18. The Process of Speciation
Section 17-3
How do new species form?

19. How do new species
form?

20. Biological Species Concept
What defines a species?
Biological Species Concept
Defines a species as a population or group of populations whose members have the potential to interbreed with one another in nature to provide viable, fertile offspring

21. How do new species form?
In order for a new species to form, some type of reproductive isolation must occur, in other words, there is a failure to produce viable, fertile offspring
Reproductive Isolation can develop in a variety of ways:
Behavioral Isolation
Geographic/Habitat Isolation
Temporal Isolation

22. Reproductive Isolation cont’d
Geographic/Habitat Isolation
Live in different habitats, encounter each other rarely
Ex: two species of garter snakes, one predominantly aquatic, one living predominantly terrestrial
Kaibab & Abert’s Squirrels

23. Reproductive Isolation cont’d
Important note
Although geographic isolation often leads to reproductive isolation and the development of new species, it is not a guarantee.
It may be possible for geographically separated populations to be reunited and still interbreed and produce fertile offspring. Should this occur, no new species developed during the period of separation.

24. Reproductive Isolation cont’d
Temporal Isolation
Two species breed at different times of the day or year
Ex: skunks late spring vs late summer or flowers bloom at different times of the year
Behavioral Isolation
Signals that attract mates are very different between species
Ex: songs of birds, firefly lighting pattern, courtship dances

25. Speciation in Darwin’s Finches
What is the current hypothesis about the development of the various finch species on the Galapagos Islands?

26. Speciation in Darwin’s Finches
The steps proposed include:
Founders Arrive
Geographic Isolation
Changes in the Gene Pool
Reproductive Isolation
Ecological Competition
Continued Evolution

27. Adaptive Radiation A proposed mechanism by which different finch species may have evolved .

28. Molecular Evolution Section 17-4 What are molecular clocks?
Where do new genes come from?
How may Hox genes play a role in evolution?

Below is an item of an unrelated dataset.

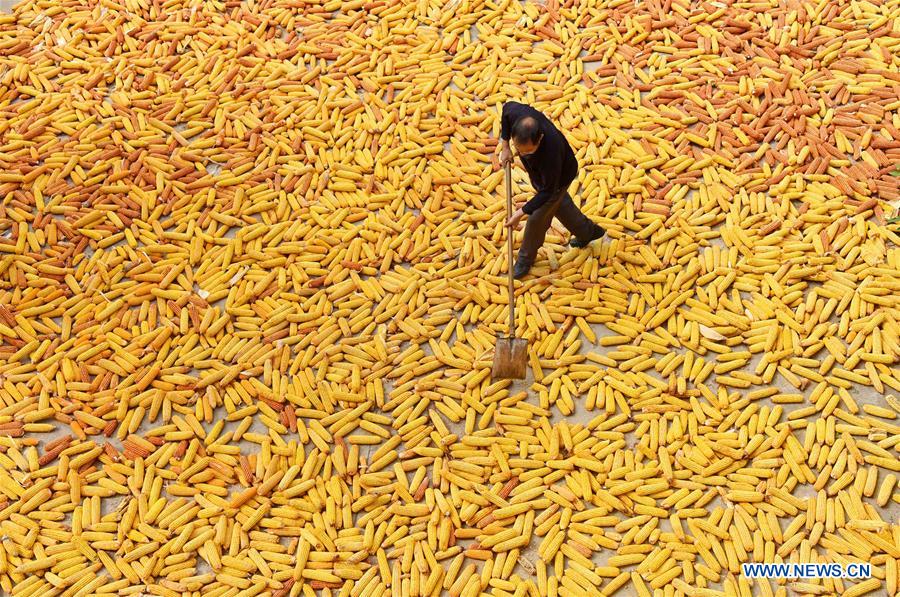 #CHINA-AUTUMN-FARM WORK (CN)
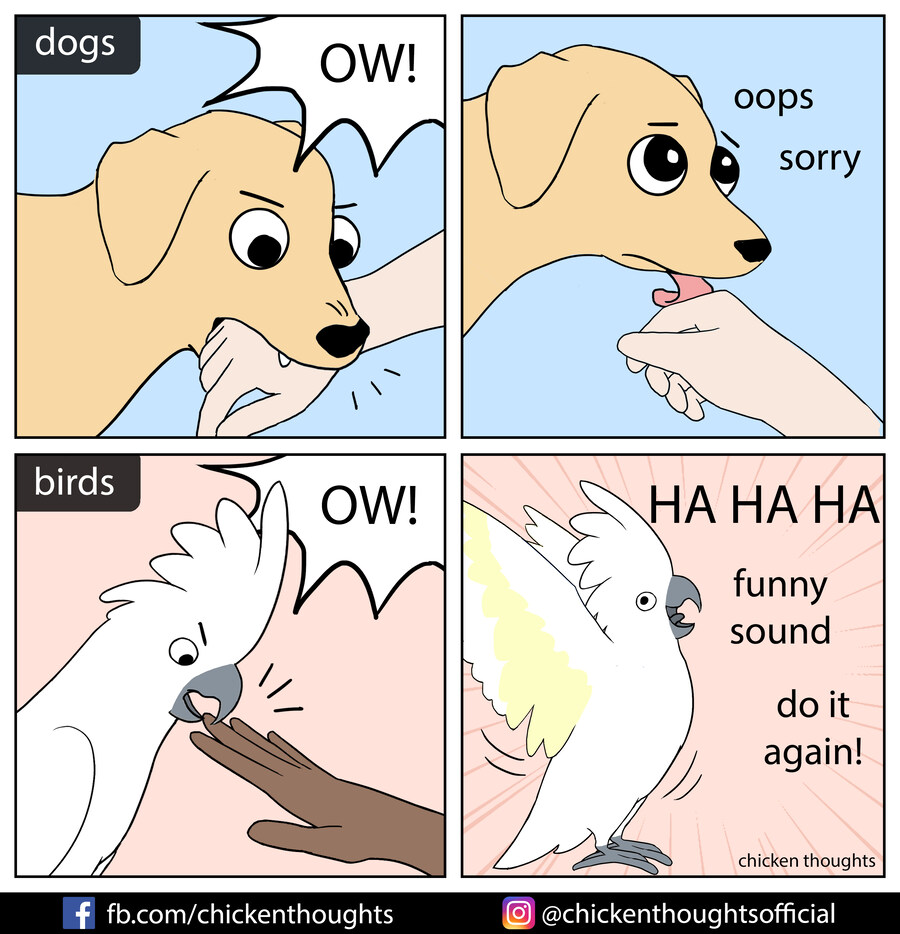 댕댕이와 앵무새의 차이점.Comic_1.jpg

29. What are molecular clocks?
Molecular clocks use mutation rates in DNA to estimate the time that two species have been evolving independently

30. What are molecular clocks?
Neutral Mutations as Ticks
Neutral mutations must be used for the clock because they are not selected for or against. They simply mark time.
The more similar the series neutral mutations, the more recently two species are thought to have shared a common ancestor
Distantly related organisms are expected to have very few similarities in their accumulated neutral mutations

31. Where do new genes come from?
One way in which new genes evolve is through the duplication and modification of existing genes
Once genes are duplicated, they may accumulate different mutations over time, thereby changing their function
Several different “gene families” are present in our genomes as a result of duplication/mutation cycles
Ex: the globin gene family (makes hemoglobin), ribosomal RNA gene family, etc.

32. How may Hox genes be involved in evolutionary change?
Hox genes are involved in the development of body plans
Ex: How many legs do you have? Where are they placed on your body? How long or short will they be?
Small changes in Hox gene activity during embryonic development can produce large differences in adult animals.